There is no change to the DC rates for the remaining 2 sectors. “The sharper upward revision was expected, in view of the rosier outlook for the hospitality sector, amid stronger tourism performance,” Song commented.

According to Song, the number of hotel deals have picked up in recent months, with some bullish transaction prices such as the collective sales of Waterloo Apartments and Golden Wall Centre (both to be converted to hotel use), the government land sale of Club Street hotel site, and the private sale of Ascott Raffles Place serviced apartments.

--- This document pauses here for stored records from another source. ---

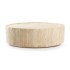 Redon 2 Travertine Coffee Table
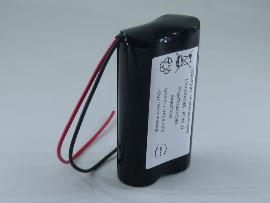 Batterie Li-Ion 2x 18650 1S2P ST1 3.6V 6.7Ah - 22AWG photo du produit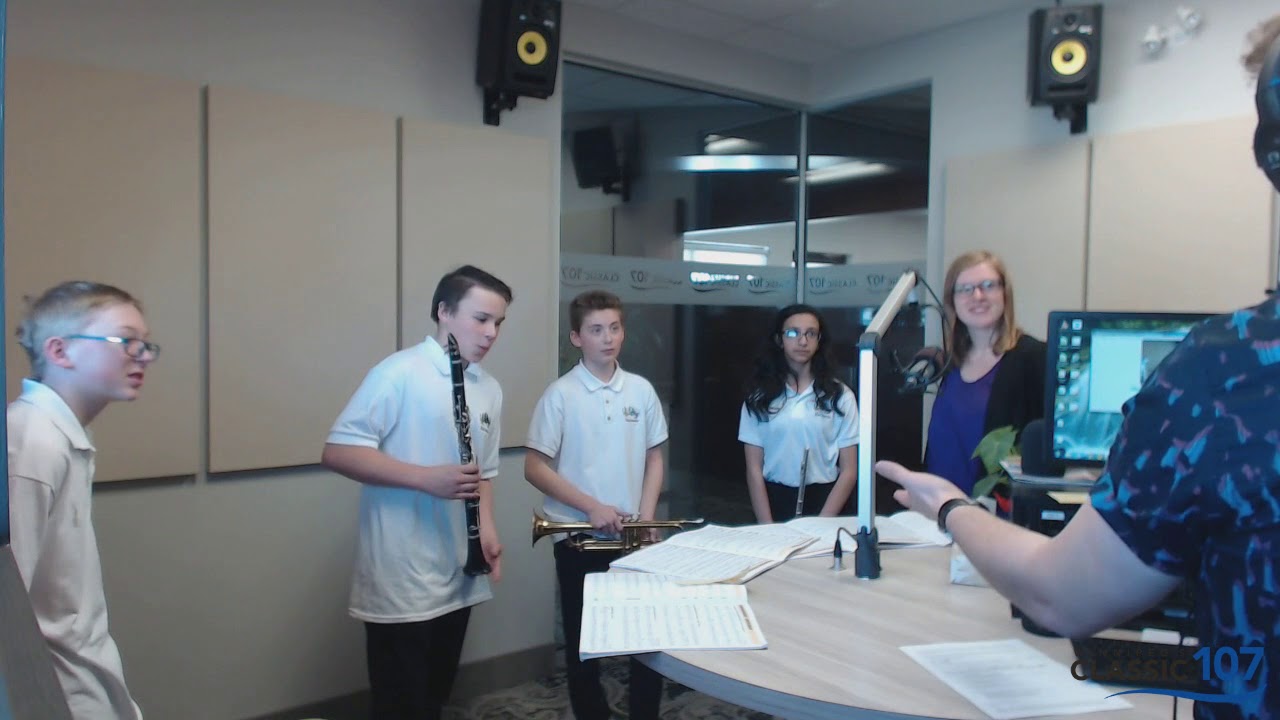 Birchwood Jaguar 107 Live! with Ecole George MacDowell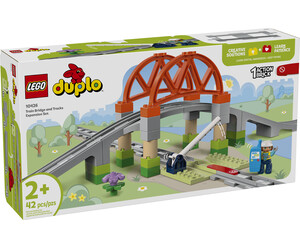 LEGO LEGO 10426 Train Bridge and Tracks Expansion Set 673419388993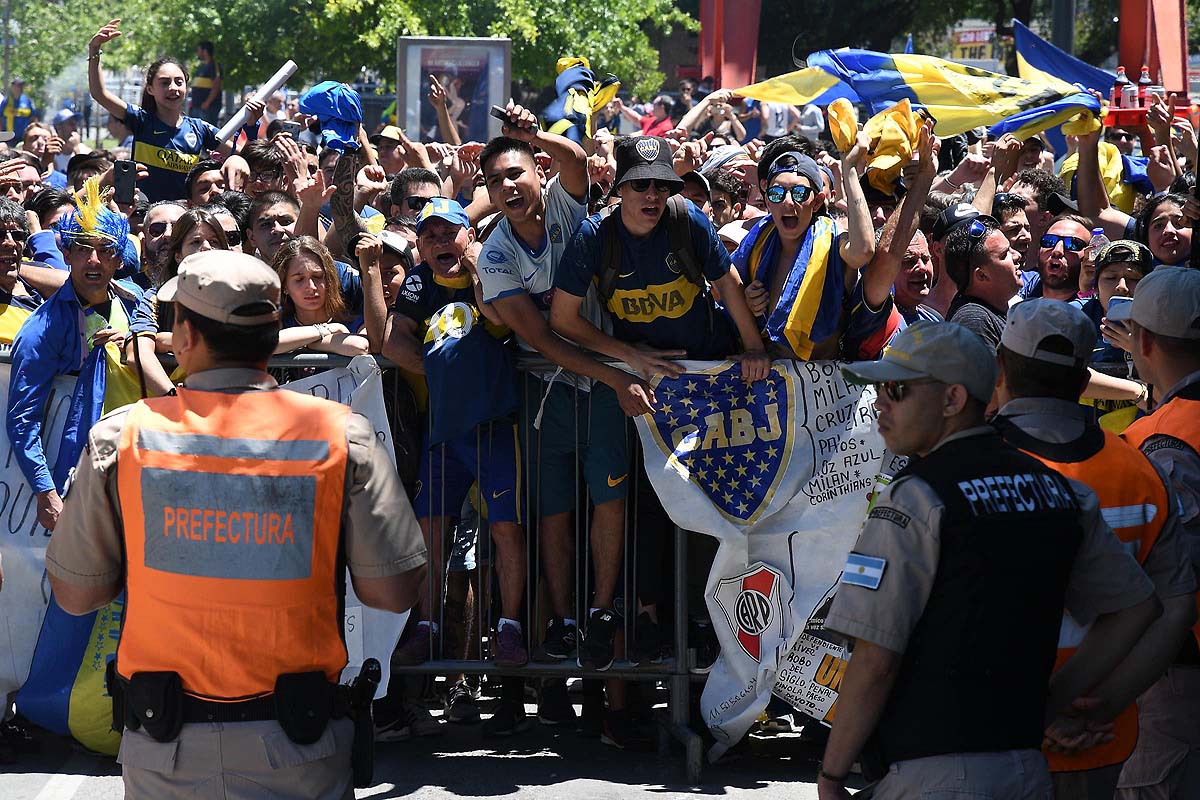 Angelici: «No está en la cabeza jugar otra final»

Sim noted that Golden Wall Centre, which was transacted in November 2018 for $2,331 psf per GFA, was announced that it is likely to be converted for Hotel use. “Similarly, Waterloo Apartments has the same intention of change of use to Hotel. It is located in sector 27, which also saw an increase of 66.7%,” he added.

“The recent GLS site for Hotels that was sited along Club Street, saw a healthy bidding of 8 bidders, of which the winning bid was 12.4% above the runner up. This site is located in sector 16 which saw an increase of 52.8%,” the executive commented.

“These transactions could have contributed to the broad-based and significant increase in DC rates in hotels,” Song added.

According to the Urban Redevelopment Authority (URA), if there is any disagreement over the DC payable for any development proposal calculated based on the rates under the respective Use Groups, developers and owners can opt for a case-by-case valuation by the Chief Valuer, as provided for in the Planning Act.